[Input material — start]

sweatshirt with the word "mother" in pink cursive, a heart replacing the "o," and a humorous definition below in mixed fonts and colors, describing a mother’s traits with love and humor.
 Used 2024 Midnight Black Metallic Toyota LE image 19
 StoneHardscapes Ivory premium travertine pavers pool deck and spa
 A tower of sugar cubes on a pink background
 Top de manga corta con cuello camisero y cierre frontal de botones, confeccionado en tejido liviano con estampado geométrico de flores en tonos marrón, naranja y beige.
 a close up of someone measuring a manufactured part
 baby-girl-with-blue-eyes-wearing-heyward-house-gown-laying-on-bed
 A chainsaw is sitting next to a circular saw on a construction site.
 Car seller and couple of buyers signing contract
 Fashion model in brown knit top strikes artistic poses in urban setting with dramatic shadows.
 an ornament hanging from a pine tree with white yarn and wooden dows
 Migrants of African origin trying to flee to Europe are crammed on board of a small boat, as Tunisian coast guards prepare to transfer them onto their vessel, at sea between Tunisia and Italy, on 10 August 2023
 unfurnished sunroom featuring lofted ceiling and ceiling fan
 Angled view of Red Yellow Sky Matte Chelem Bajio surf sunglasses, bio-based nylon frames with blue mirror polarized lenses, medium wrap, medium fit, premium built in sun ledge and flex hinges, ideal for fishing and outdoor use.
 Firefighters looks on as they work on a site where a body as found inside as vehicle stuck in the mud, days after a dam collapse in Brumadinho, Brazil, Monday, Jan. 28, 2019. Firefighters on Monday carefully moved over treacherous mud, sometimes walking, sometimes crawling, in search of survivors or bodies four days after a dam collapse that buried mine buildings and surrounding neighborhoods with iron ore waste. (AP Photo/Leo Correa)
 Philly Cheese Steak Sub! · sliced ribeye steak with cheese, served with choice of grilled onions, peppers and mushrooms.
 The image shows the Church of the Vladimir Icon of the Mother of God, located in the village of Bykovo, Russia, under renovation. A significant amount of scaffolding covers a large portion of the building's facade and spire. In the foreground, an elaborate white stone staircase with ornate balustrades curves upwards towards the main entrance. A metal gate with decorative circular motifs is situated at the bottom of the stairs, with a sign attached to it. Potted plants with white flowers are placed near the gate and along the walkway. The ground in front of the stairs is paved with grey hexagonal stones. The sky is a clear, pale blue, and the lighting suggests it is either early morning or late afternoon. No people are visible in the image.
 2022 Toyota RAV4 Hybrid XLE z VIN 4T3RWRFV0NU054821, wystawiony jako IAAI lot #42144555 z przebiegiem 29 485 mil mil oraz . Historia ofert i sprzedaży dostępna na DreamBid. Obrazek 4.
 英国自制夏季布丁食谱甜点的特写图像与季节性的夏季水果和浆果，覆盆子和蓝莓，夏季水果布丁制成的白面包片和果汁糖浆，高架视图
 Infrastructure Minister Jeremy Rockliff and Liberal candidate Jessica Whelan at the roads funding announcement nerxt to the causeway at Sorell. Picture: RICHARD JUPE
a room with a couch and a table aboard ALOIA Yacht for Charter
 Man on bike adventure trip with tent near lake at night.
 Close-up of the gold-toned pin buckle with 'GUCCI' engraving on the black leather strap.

[Input material — finish]

Aim of the task
Reproduce every record above exactly.

Solved exercise
sweatshirt with the word "mother" in pink cursive, a heart replacing the "o," and a humorous definition below in mixed fonts and colors, describing a mother’s traits with love and humor.
 Used 2024 Midnight Black Metallic Toyota LE image 19
 StoneHardscapes Ivory premium travertine pavers pool deck and spa
 A tower of sugar cubes on a pink background
 Top de manga corta con cuello camisero y cierre frontal de botones, confeccionado en tejido liviano con estampado geométrico de flores en tonos marrón, naranja y beige.
 a close up of someone measuring a manufactured part
 baby-girl-with-blue-eyes-wearing-heyward-house-gown-laying-on-bed
 A chainsaw is sitting next to a circular saw on a construction site.
 Car seller and couple of buyers signing contract
 Fashion model in brown knit top strikes artistic poses in urban setting with dramatic shadows.
 an ornament hanging from a pine tree with white yarn and wooden dows
 Migrants of African origin trying to flee to Europe are crammed on board of a small boat, as Tunisian coast guards prepare to transfer them onto their vessel, at sea between Tunisia and Italy, on 10 August 2023
 unfurnished sunroom featuring lofted ceiling and ceiling fan
 Angled view of Red Yellow Sky Matte Chelem Bajio surf sunglasses, bio-based nylon frames with blue mirror polarized lenses, medium wrap, medium fit, premium built in sun ledge and flex hinges, ideal for fishing and outdoor use.
 Firefighters looks on as they work on a site where a body as found inside as vehicle stuck in the mud, days after a dam collapse in Brumadinho, Brazil, Monday, Jan. 28, 2019. Firefighters on Monday carefully moved over treacherous mud, sometimes walking, sometimes crawling, in search of survivors or bodies four days after a dam collapse that buried mine buildings and surrounding neighborhoods with iron ore waste. (AP Photo/Leo Correa)
 Philly Cheese Steak Sub! · sliced ribeye steak with cheese, served with choice of grilled onions, peppers and mushrooms.
 The image shows the Church of the Vladimir Icon of the Mother of God, located in the village of Bykovo, Russia, under renovation. A significant amount of scaffolding covers a large portion of the building's facade and spire. In the foreground, an elaborate white stone staircase with ornate balustrades curves upwards towards the main entrance. A metal gate with decorative circular motifs is situated at the bottom of the stairs, with a sign attached to it. Potted plants with white flowers are placed near the gate and along the walkway. The ground in front of the stairs is paved with grey hexagonal stones. The sky is a clear, pale blue, and the lighting suggests it is either early morning or late afternoon. No people are visible in the image.
 2022 Toyota RAV4 Hybrid XLE z VIN 4T3RWRFV0NU054821, wystawiony jako IAAI lot #42144555 z przebiegiem 29 485 mil mil oraz . Historia ofert i sprzedaży dostępna na DreamBid. Obrazek 4.
 英国自制夏季布丁食谱甜点的特写图像与季节性的夏季水果和浆果，覆盆子和蓝莓，夏季水果布丁制成的白面包片和果汁糖浆，高架视图
 Infrastructure Minister Jeremy Rockliff and Liberal candidate Jessica Whelan at the roads funding announcement nerxt to the causeway at Sorell. Picture: RICHARD JUPE
a room with a couch and a table aboard ALOIA Yacht for Charter
 Man on bike adventure trip with tent near lake at night.
 Close-up of the gold-toned pin buckle with 'GUCCI' engraving on the black leather strap.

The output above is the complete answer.